We grieved. For a long time. We laid our children to rest in our hearts, and we treasured each other as we battled with our grief and my health issues. Others prayed for us and loved us, but I felt abandoned and unloved by God. It was a dark time.
That was six years ago. The pain doesn’t disappear, but you learn to cope with it, and it becomes duller with time. Though big life events (like turning thirty!) have a way of dragging it back to the surface.
The story hasn’t gone to (my) plan. And that’s hard for me to accept. I’m worried that life won’t move forward at all in my thirties, and when forty rolls around, we’ll still be in the same place, with the same pain, watching everyone around us moving on and fulfilling their dreams while we stand still.
He is the author of my life, and he’s already written a beautiful ending, I just can’t see it yet.

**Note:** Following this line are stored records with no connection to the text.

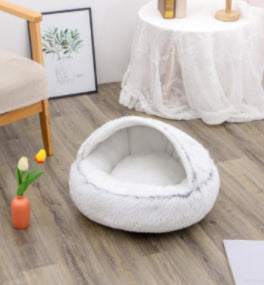 2 In 1 Winter Warm Round Plush Pet Bed House Soft Long Fur Nest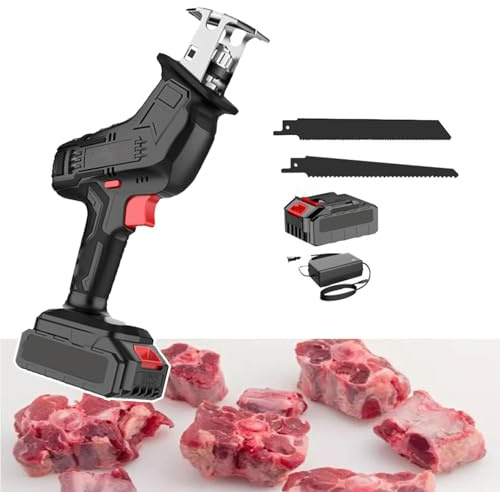 Sierra De Huesos Eléctrica Inalámbrica Con Mandril Autoblocante, Velocidad Ajustable, Corte Preciso Y Repetitivo, Mango De Goma Antideslizante, Para Cortar Carne, Metal Y Madera.,2 blades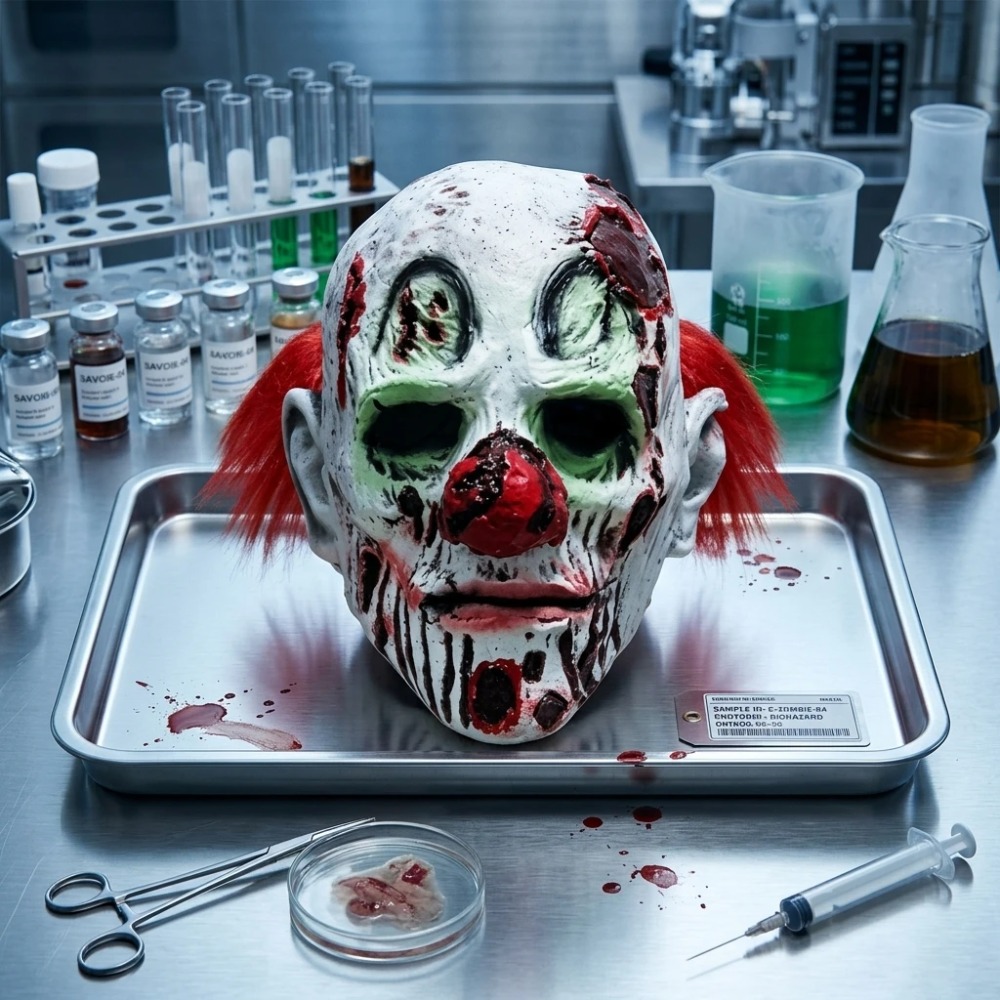 Zombie Snacks - Horror-Latexmaske mit langen Haaren, böse Vampir-Geistermaske,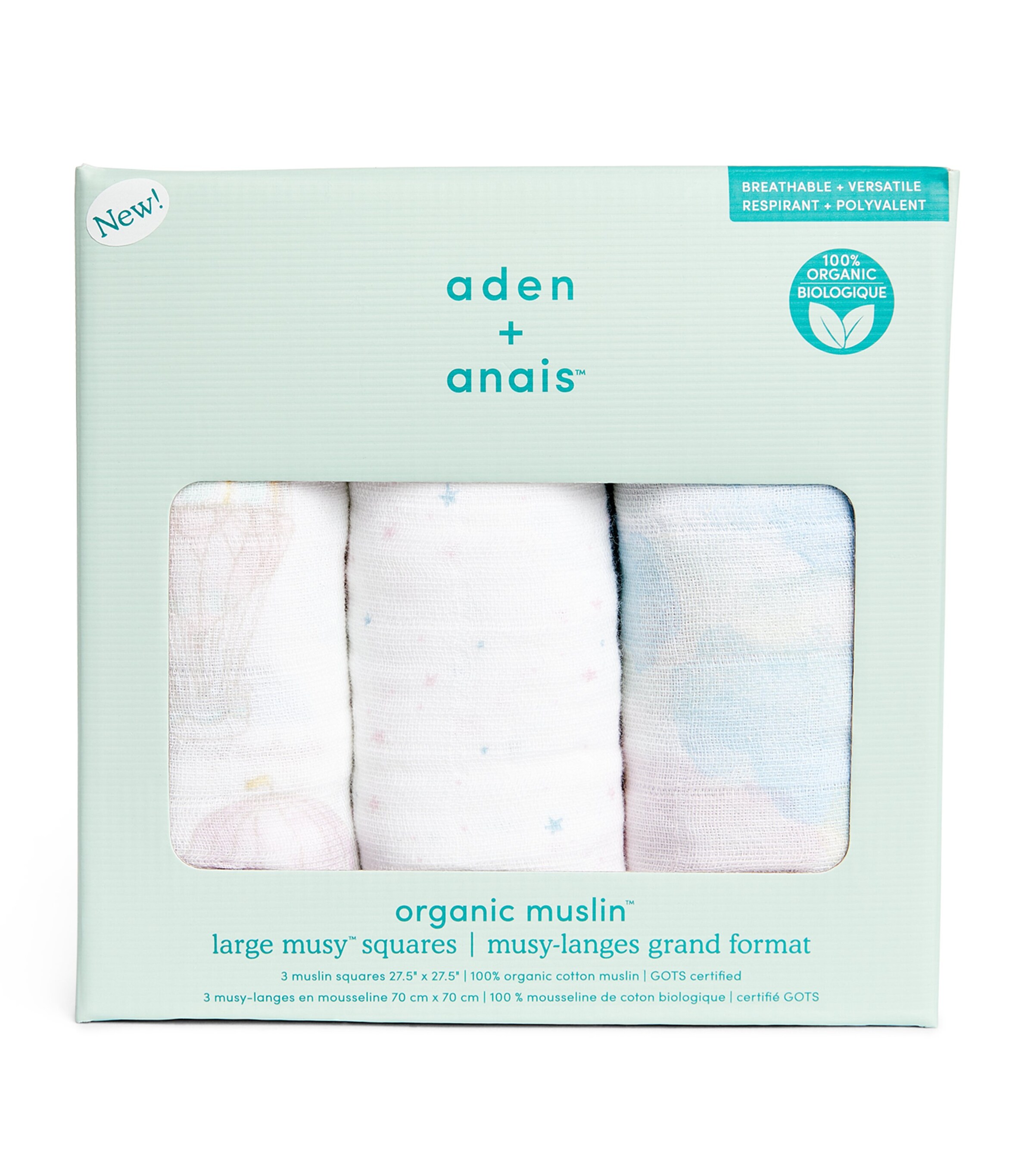 aden + anais Above The Clouds Musy Squares (Pack of 3) Pink Image 2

But I recognise that I’m worried because I’m not in control. I don’t easily let God take charge. I forget the most important thing – that he already is in control of my life and I just need to let him lead me, and trust that he has got good intentions for me. Those children were never a part of his story for me, but he’s got something else in mind. He is the author of my life, and he’s already written a beautiful ending, I just can’t see it yet.
And that’s what faith is all about. It’s not trusting something for the sake of trusting it, it’s about having confidence in the power and perfect nature of the One who made and loves you, and letting him be the one to guide you through life. Faith for me is letting go of who I am and what I want, and saying ‘God, you know better, and you’ve got a good and perfect plan. Please lead me where you want me to go, and help me not to try and take back the reigns when things get tough’.
So as my twenties come to an end, and I struggle with what the future holds, I cling to my Father, who loves me more than I could ever have hoped for, and I trust that he’ll be leading me through every ‘plot twist’ that comes my way.
Francesca Battistelli, a Christian songwriter, challenges me with her lyrics:
‘Author of my hope
Maker of the stars
Let me be Your work of art
Won’t You write Your story on my heart.
…I want my history
To be Your legacy
Go ahead and show this world
What You’ve done in me
And when the music fades
I want my life to say
I let You write Your story’
Amen.
*Actually, God wrote my story before I was born. I was the one trying to take life in a different direction to the one he had led me.
**We even chose middle names!
Helpful Bible Verses:
The Lord is close to the brokenhearted; he rescues those whose spirits are crushed. (Psalm 34:18)
Give all your worries and cares to God, for he cares about you. (1 Peter 5:7)
We can make our plans, but the Lord determines our steps. (Proverbs 16:9)
Trust in the Lord with all your heart; do not depend on your own understanding. Seek his will in all you do, and he will show you which path to take. (Proverbs 3:5-6)
3 Comments
Alex Donnelly · October 19, 2015 at 12:57 pm
Thanks for sharing such an intimate part of your life, Sarah. I am sure it will resonate with many people who have been through the similar experience of having their plans thwarted. It is always hard to come to terms with the fact that “Man (or woman!) proposes, but God disposes”. We are frustrated by it, and yet it is a fact of life. The good thing is that it is fact of life that can draw us closer to the Lord, as we seek to find comfort in Him. I find that peace comes only as we learn to say with all our heart and mind, “Your will be done”. That opens the door to all the future God has in store for us. Addressing the Jews in exile – people for whom life´s plans had not gone to script, God said (through Jeremiah), “I know the plans I have for you…plans for good and not for evil, to give you future and a hope”. May you find peace and joy in discovering those good plans your Heavenly Father has for you.